─── The records ───

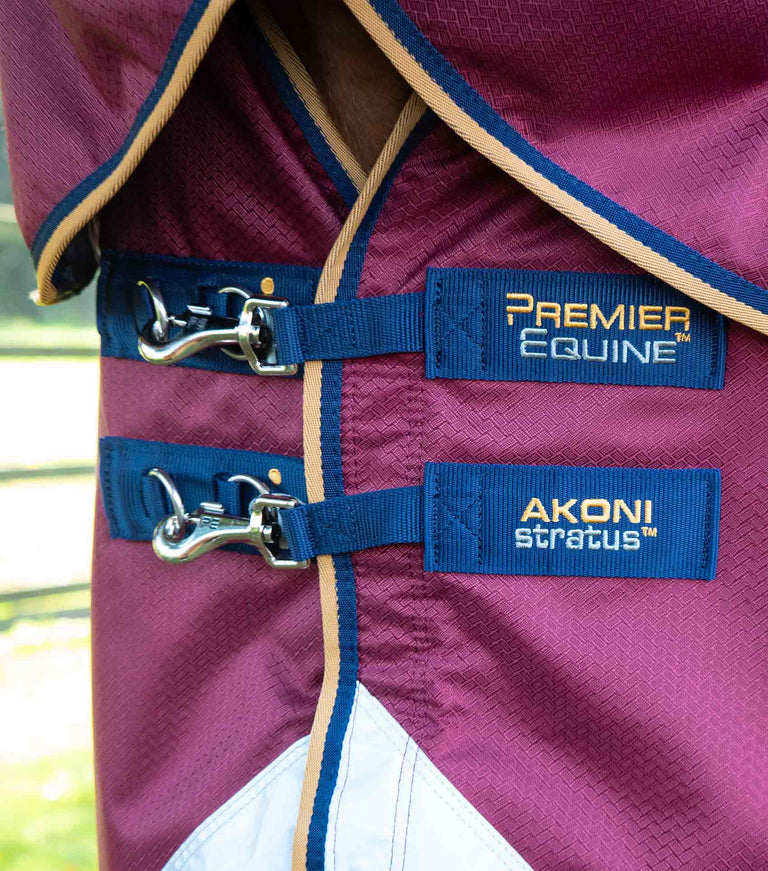 Premier Equine Akoni 0g Turnout Rug with Classic Detachable Neck Cover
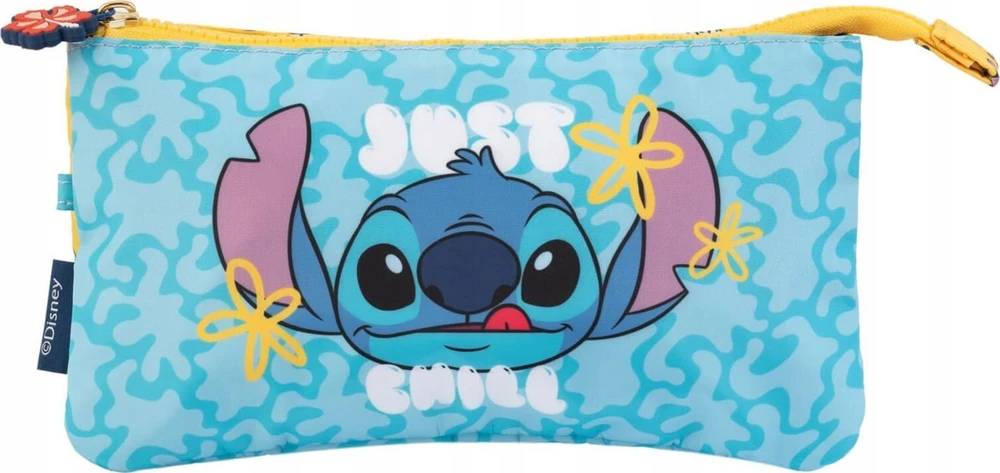 „Disney Stitch“ – trijų skyrių pieštukų dėklas iš „Tropical“ kolekcijos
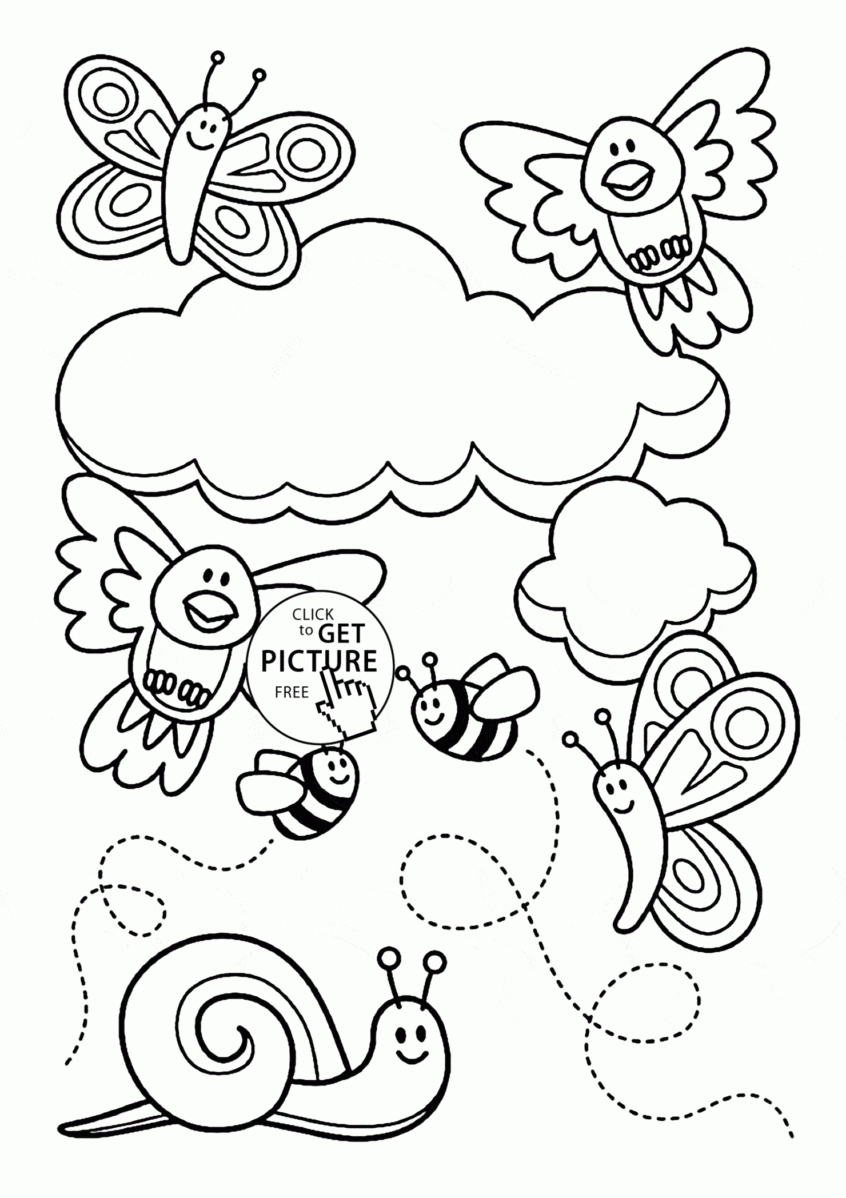 Coloring Pages : Coloring Pages Ideas Outstanding Springing - Spring Coloring Sheets Free Printable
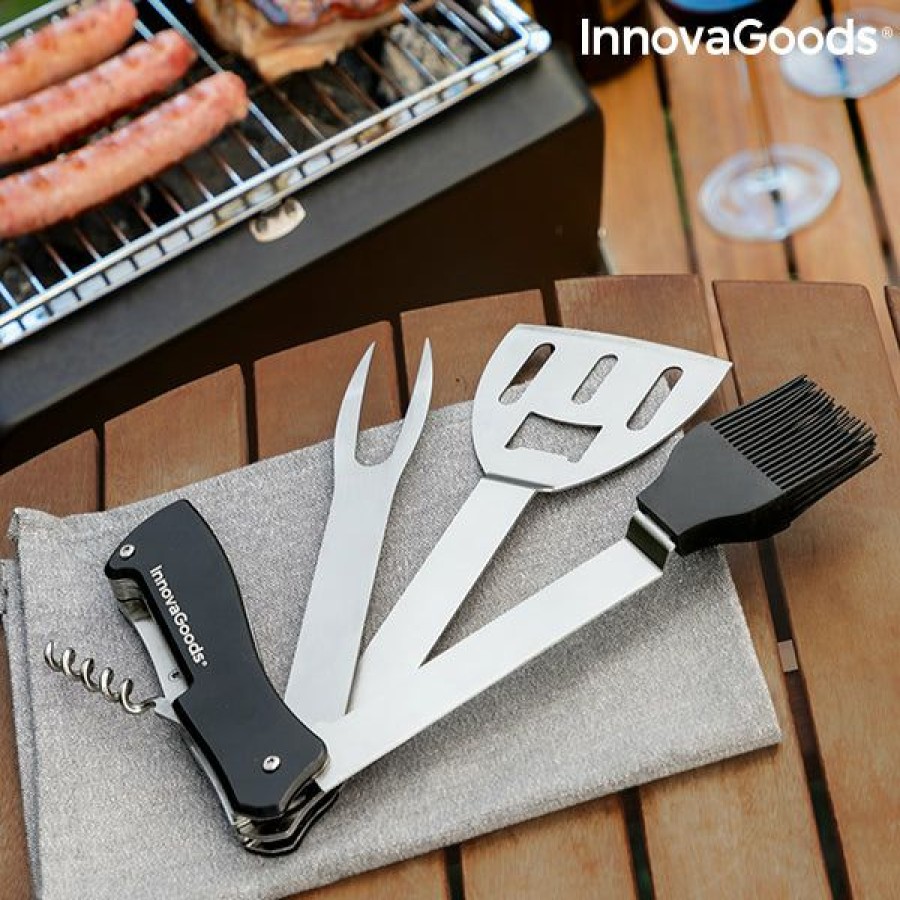 Keuken InnovaGoods | 5-In-1 Set Met Barbecuebenodigdheden Bbkit Innovagoods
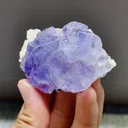 Natural Purple Phantom Fluorite comes from Shizhuyuan,Chenzhou 75*20*45MM - image 3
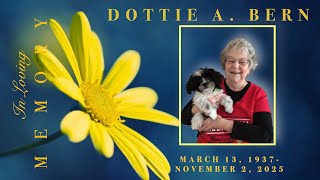 Dottie A. Bern Funeral November 7, 2025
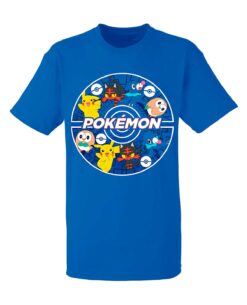 PLAYERA POKEMON INFANTIL STARTERS ALOLA AZUL MEDIANA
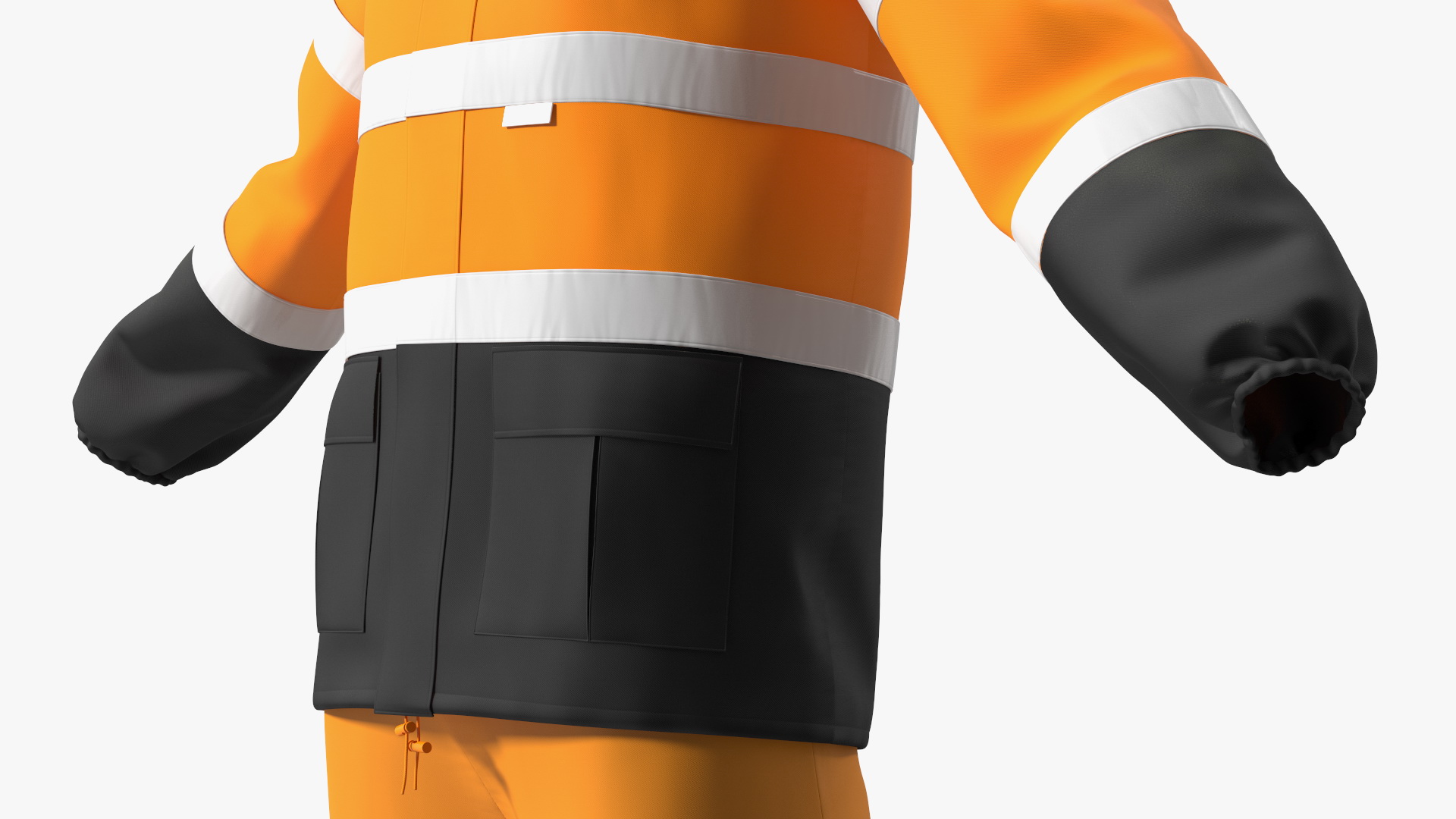 3D model High Visibility Rain Suit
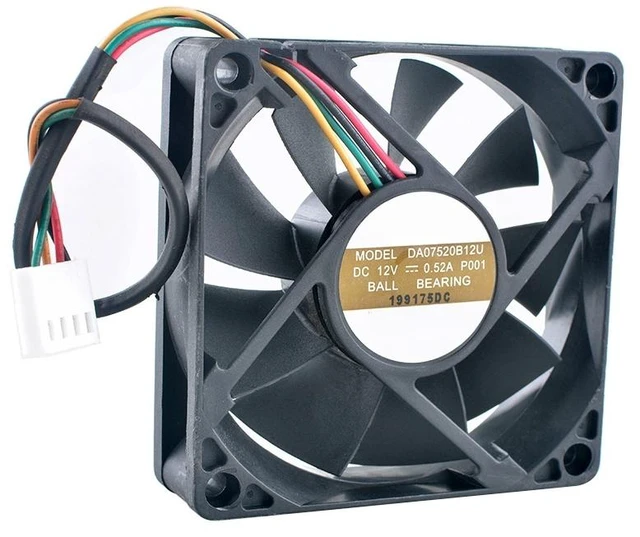 Main image of DA07520B12U 75mm 75x75x20mm DC12V 0.52A 4Pin Dual Ball Bearing Cooling Fan for Chassis CPU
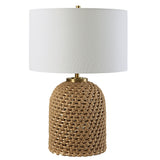 Uttermost Kendari Rope & Rattan Table Lamp 30243 ROPE, IRON, FABRIC,RATTAN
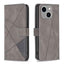 Magnetic Buckle Rhombus Texture Leather Phone Case MyMobile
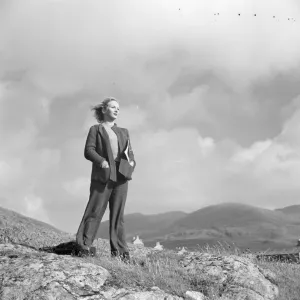 Joan Greenwood on location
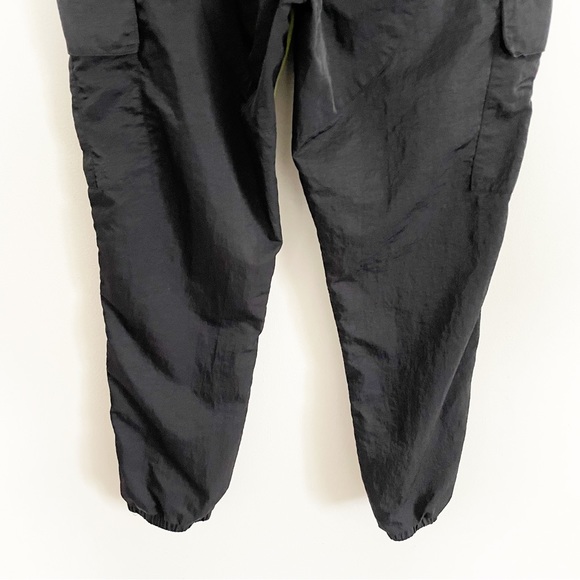 40s & Shorties Color Block Nylon Cargo Pants Utility Green Purple Black Moto - Picture 8 of 11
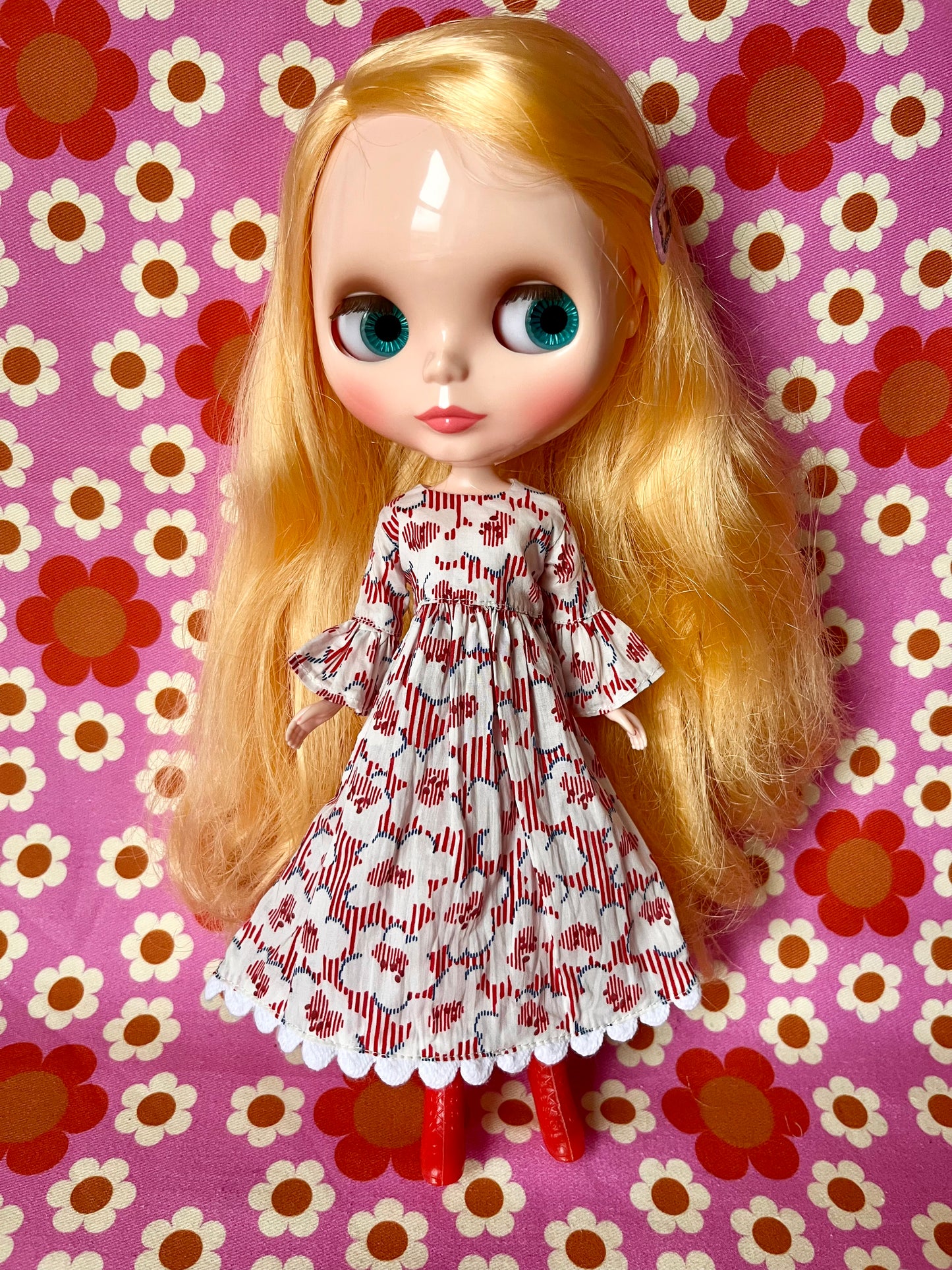Liberty Sixties Celia Birtwell inspired Psychedelic Dress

───

Only the lines from the one containing "Magnetic Buckle Rhombus" through the end of the listing should be output, word for word and inclusive; keep pictures out.

• [Final answer]
 Magnetic Buckle Rhombus Texture Leather Phone Case MyMobile
 Joan Greenwood on location
 40s & Shorties Color Block Nylon Cargo Pants Utility Green Purple Black Moto - Picture 8 of 11
Liberty Sixties Celia Birtwell inspired Psychedelic Dress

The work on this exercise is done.